# Mining Hard Negatives for Asymmetric Search with ChromaDB

This notebook demonstrates how to:

1. Load an initial **training dataset** of question–chunk pairs from `rag_train_dataset.csv`.
2. Use a **Hugging Face embedding model** (`sentence-transformers/msmarco-distilbert-cos-v5`) to:
   - embed all `chunk_preview` texts,
   - store them in a **ChromaDB** vector database.
3. For each question, embed the question and query ChromaDB to **mine hard negatives**
   (3–5 similar but incorrect chunks per question).
4. Build a **new dataset** in triplet form:
   - `question`
   - `chunk_preview` (the correct / positive chunk)
   - `hard_negative_chunk` (one hard negative per row)
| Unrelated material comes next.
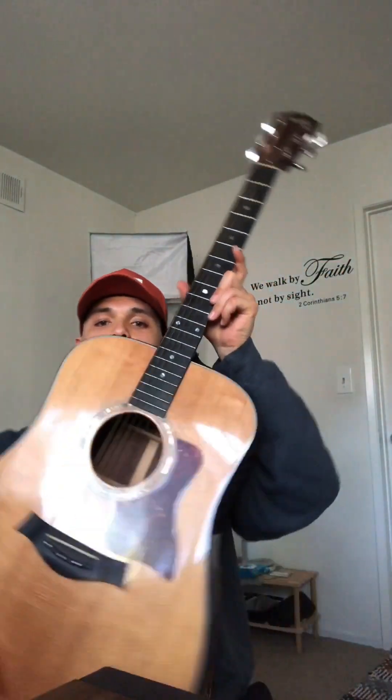It weighs about four pounds, has six phosphor bronze strings, and there are 20 frets. Depending on where you place your fingers on the strings and on the frets, it creates a note — and more than one note creates chords, which creates songs.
This triplet dataset can be used later to fine-tune the embedding model with
contrastive or triplet-style loss functions.


In [None]:
# ============================================================================
# OPTIONAL: Install dependencies
# ============================================================================
# Uncomment and run this cell if you do NOT already have these libraries.
# In many environments (e.g., Colab) you will need to install them first.
# ----------------------------------------------------------------------------

# !pip install -U chromadb transformers sentencepiece torch pandas

In [1]:
# ============================================================================
# Imports and Configuration
# ============================================================================
# This section imports all the Python packages we will use and sets up
# some basic configuration such as the model name and random seeds.
# ----------------------------------------------------------------------------

import os
import random
from typing import List, Dict

import pandas as pd
import torch
from torch import nn
from transformers import AutoTokenizer, AutoModel

import chromadb
from chromadb.config import Settings

# Set a random seed for reproducibility of any sampling we might do
RANDOM_SEED = 42
random.seed(RANDOM_SEED)
torch.manual_seed(RANDOM_SEED)

# Device configuration: use GPU if available, otherwise CPU
device = torch.device("cuda" if torch.cuda.is_available() else "cpu")
print("Using device:", device)

# Path to the initial training data CSV.
# This CSV is expected to have at least:
#   - a 'question' column
#   - a 'chunk_preview' column
CSV_PATH = "rag_train_dataset.csv"

# Name of the Hugging Face embedding model we will use.
# This is an asymmetric model trained for question -> passage retrieval.
MODEL_NAME = "sentence-transformers/msmarco-distilbert-cos-v5"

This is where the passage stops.